• _TASK TO COMPLETE_
Write out the lines below once more, exactly as they appear. Do not include pictures.

• _PROVIDED MATERIAL_
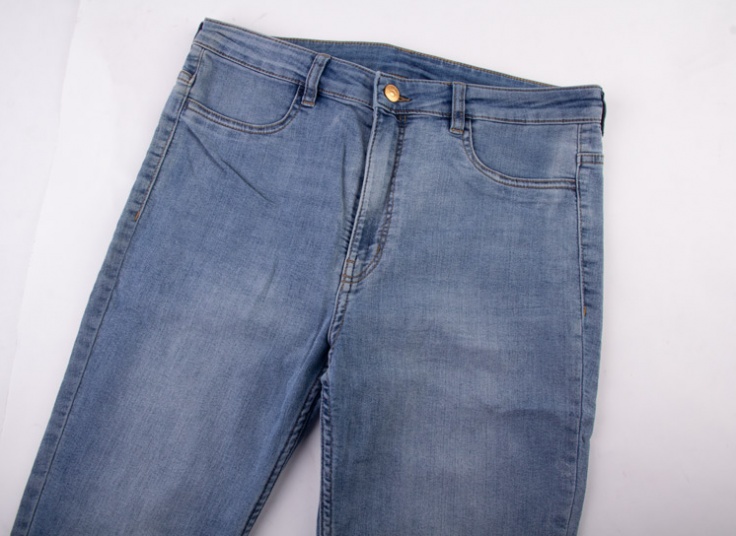 شلوار جین زنانه H&M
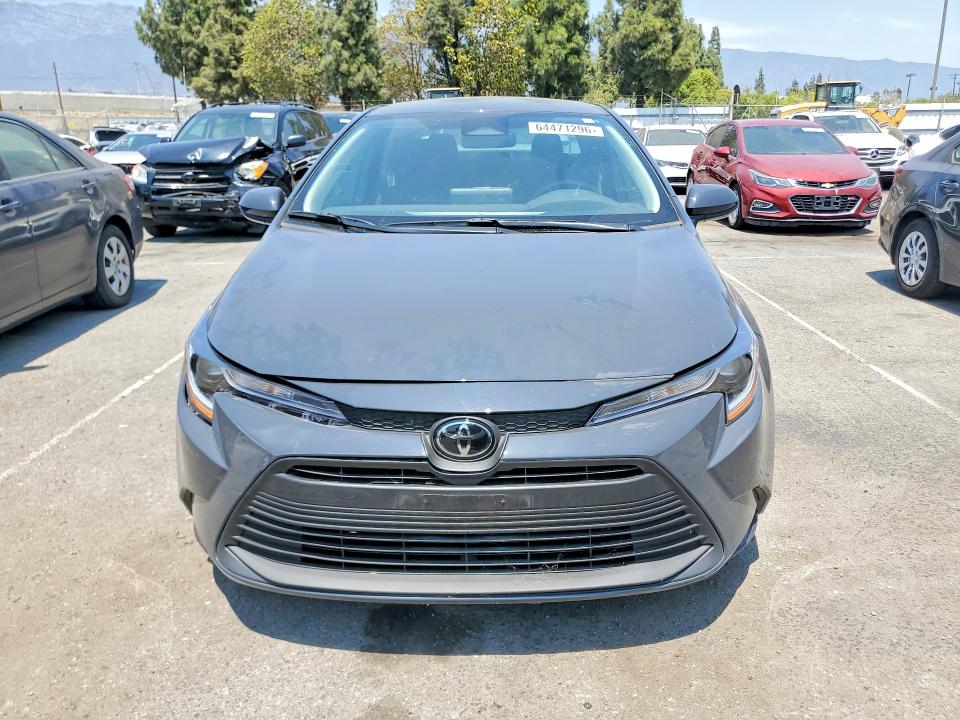 Photo 5 from auction – 2025 TOYOTA COROLLA with VIN 5YFB4MDE9SP320100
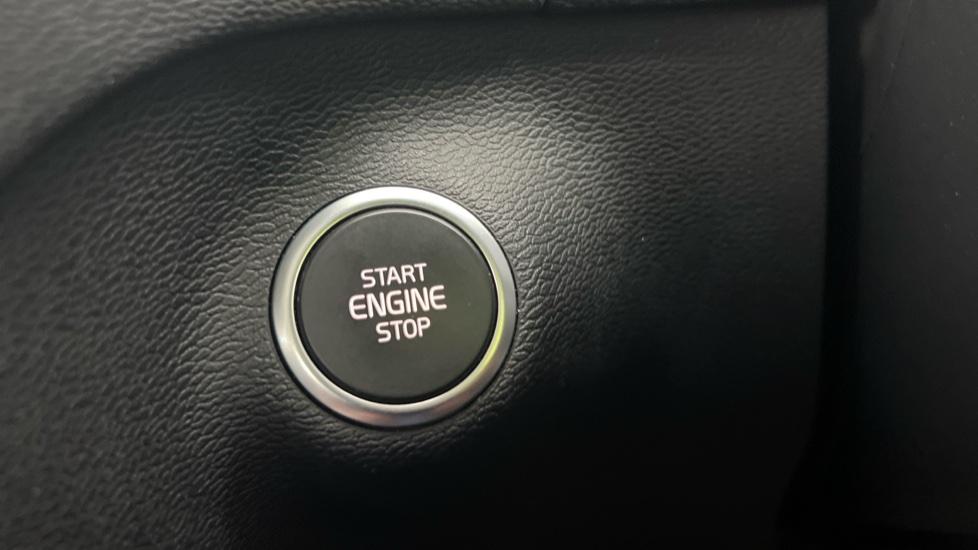 Push Button Start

• _YOUR RESPONSE_
 شلوار جین زنانه H&M
 Photo 5 from auction – 2025 TOYOTA COROLLA with VIN 5YFB4MDE9SP320100
 Push Button Start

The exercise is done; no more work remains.